Data excerpts:
[Start of Attachment]
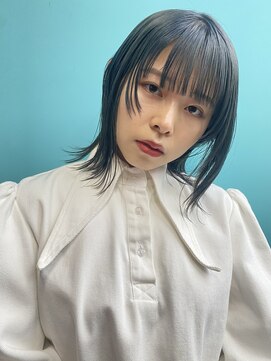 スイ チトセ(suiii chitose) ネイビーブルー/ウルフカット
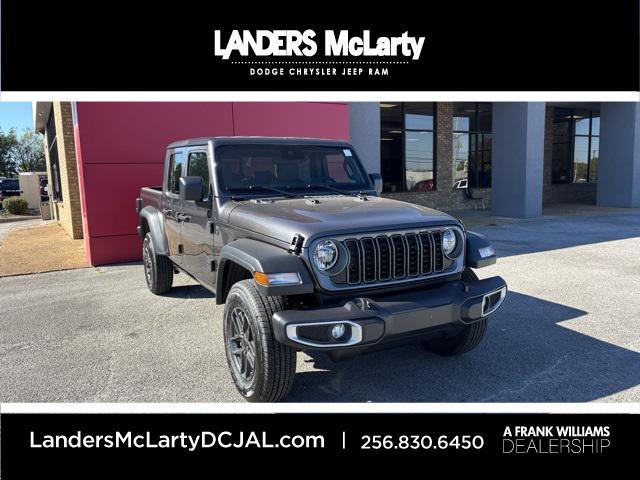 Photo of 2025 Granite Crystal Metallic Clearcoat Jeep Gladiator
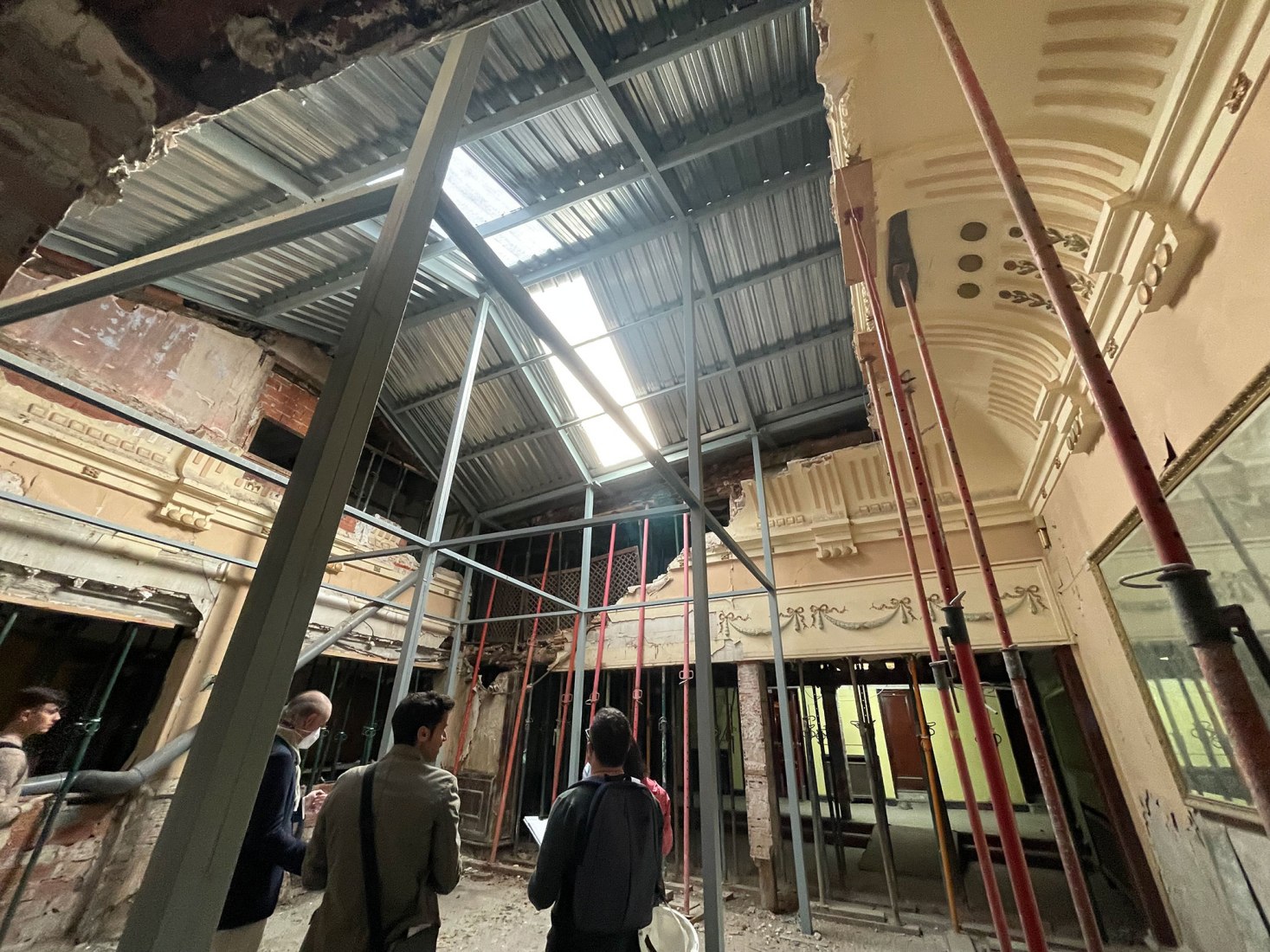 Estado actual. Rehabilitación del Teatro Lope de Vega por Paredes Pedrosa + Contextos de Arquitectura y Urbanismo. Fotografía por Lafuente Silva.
[End of Attachment]
[Start of Attachment]
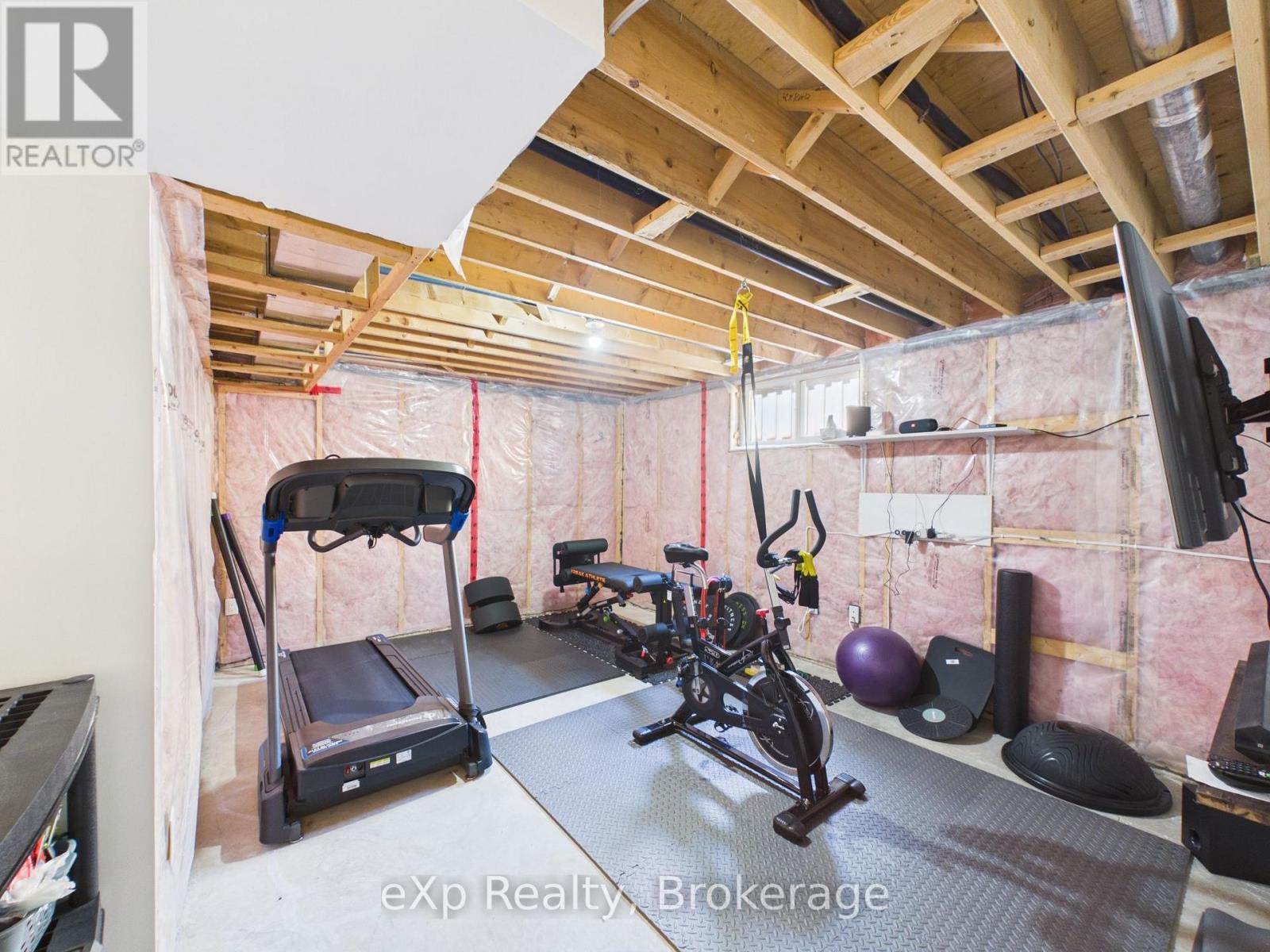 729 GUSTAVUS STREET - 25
[End of Attachment]
What you have to do: From the records above, output only the lines starting at the one containing "スイ チトセ(suiii chitose) ネイビーブルー/ウルフカット" and ending at the one containing "Estado actual. Rehabilitación", word for word. Pictures stay out.

Problem solution:
 スイ チトセ(suiii chitose) ネイビーブルー/ウルフカット
 Photo of 2025 Granite Crystal Metallic Clearcoat Jeep Gladiator
 Estado actual. Rehabilitación del Teatro Lope de Vega por Paredes Pedrosa + Contextos de Arquitectura y Urbanismo. Fotografía por Lafuente Silva.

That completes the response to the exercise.